It's not a huge deal either way but I thought I'd raise it.

> > > +	dev_dbg(apple_mbox->dev, "> TX %016llx %08x\n", msg->msg0, msg->msg1);
> > 
> > Isn't "TX" redundant here?
> 
> Sure, but it also doesn't hurt in a debug message. I can spot the TX easier
> but I'm sure there are people who prefer >.

Fair enough.

> > > +	dev_dbg(apple_mbox->dev, "got FIFO empty IRQ\n");
> > 
> > I realize it's a dev_dbg but this still seems unnecessarily noisy.
> 
> This code path is almost never reached.

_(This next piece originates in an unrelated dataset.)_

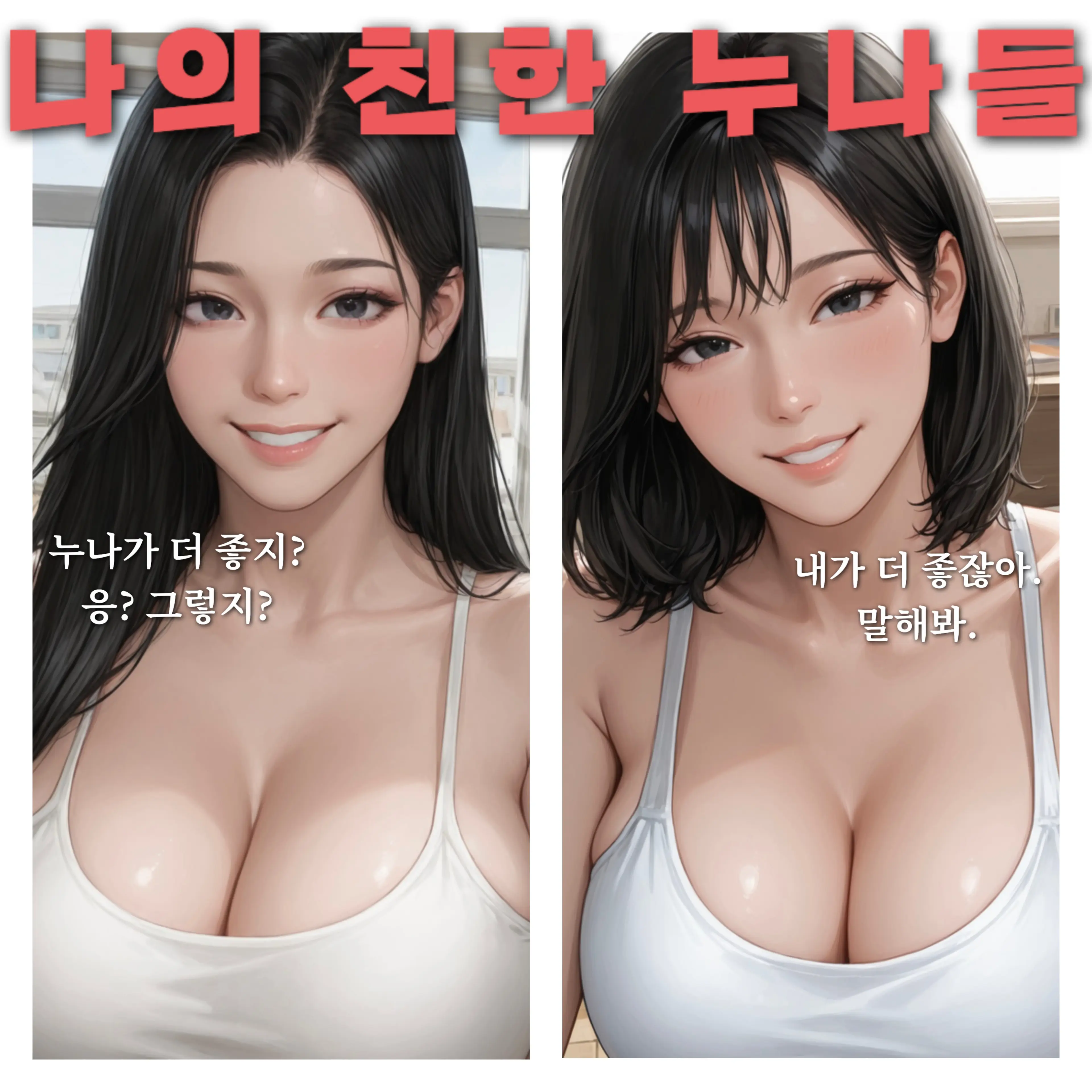 hoodie_의 친한 누나들이 날 두고 싸운다?!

I've only been able to trigger
> it by forcing send_message to return EBUSY even when it could still
> move messages to the FIFO to test this path.
> This also can't be triggered more often than the TX debug message.
> If this triggers more often there's a bug somewhere that kept the interrupt
> enabled and then the whole machine will hang due an interrupt storm anyway. In
> that case I'd prefer to have this as noisy as possible.

Ah! Sure, makes sense. Is it worth adding a few words to the functions
comments indicating this rarely occurs in good conditions?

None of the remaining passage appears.